Assays for suppressive activity

To determine the suppressive activity of the various T_reg subsets, we measured their ability to inhibit the generation of autologous alloreactive CD8⁺ cells in a CTL cytotoxicity assay, as previously described (8). The ability of these cells to inhibit the CD8⁺ cell activation and proliferation induced by allogeneic stimulator cells was determined by measuring CD25 expression or cycling of CFSE-labeled CD8⁺ cells.

FoxP3 expression by real-time RT-PCR

Total RNA was prepared with TRIzol LS reagent (Invitrogen). First strand cDNA was synthesized using Omniscript TR kit (Qiagen, Valencia, CA) with random hexamer primers (Invitrogen). Real-time PCR was performed with a LightCycler (Roche, Mannheim, Germany), and message levels were quantified using the LightCycler Fast Start DNA Master SYBR Green I Kit (Roche), according to the manufacturer’s instructions. Amplification was conducted for 45 cycles.

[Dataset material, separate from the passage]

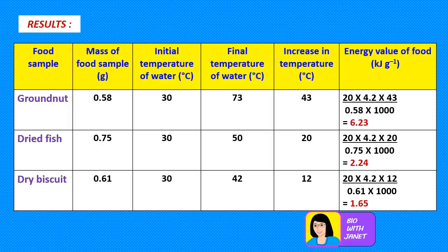Here is an example of results we may obtain. Food samples used are ground nut, dried fish, and dry biscuit — or maybe only two, depending on the question. Mass of food sample is between 0.5 grams and 1 gram. The initial temperature of water is 30 degrees Celsius for all, and the final temperature of water after burning the food sample is 73, 50, and 42 degrees Celsius respectively. Ground nut has the highest final temperature, followed by dried fish, then dry biscuit.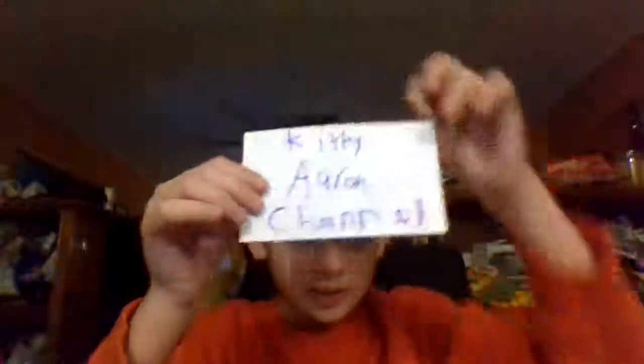Kitty Aaron channel. Okay, this video is how to make a star. I got my marker.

The recovered PCR product and amplicon were checked by agarose gel electrophoresis for a single band of the expected size. The relative expression of FoxP3 was determined by normalizing expression of each target to GAPDH. Primer sequences were as follows: GAPDH, 5′-CCACATCGCTCAGACACCAT-3′ and 5′-GGCAACAATATCCACTTTACCAGAGT-3′; FoxP3, 5′-GAAACAGCACATTCCCAGAGTTC-3′ and 5′-ATGGCCCAGCGGATGAG-3′.

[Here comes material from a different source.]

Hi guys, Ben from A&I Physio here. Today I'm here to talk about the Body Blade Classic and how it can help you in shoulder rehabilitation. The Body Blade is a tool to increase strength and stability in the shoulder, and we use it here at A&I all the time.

Costimulatory effects of TGF-β on naive CD4⁺CD25⁺ cells

We have previously reported that TGF-β has costimulatory effects on alloactivated naive CD4⁺ T cells, as indicated by up-regulation of CD25 and CTLA-4 and an expansion of these cells (8). These costimulatory effects were dependent upon a sufficient amount of IL-2 to overcome the inhibitory effects of TGF-β. In this study, we report that a target of these costimulatory effects is the CD4⁺CD25⁺ cell subset, even though they constitute only 1% of naive CD4⁺ cells. Fig. 1⇓ shows that a dose-dependent increase in CD25 expression was completely abolished by depletion of CD25⁺ cells in the starting population. TGF-β also significantly enhanced expression of CD122, the β-chain of the IL-2R. Signaling through CD122 is essential for the suppressive activity of CD4⁺CD25⁺ cells (15, 16). TGF-β-mediated enhancement of CD122 expression was apparent at day 3 and was maximal 1 day later. The few CD25⁺ cells present in the naive fraction resulted in a 4-fold expansion of CD122-bearing cells. Like CD25 expression, depletion of the CD25⁺ cells abolished this enhancement.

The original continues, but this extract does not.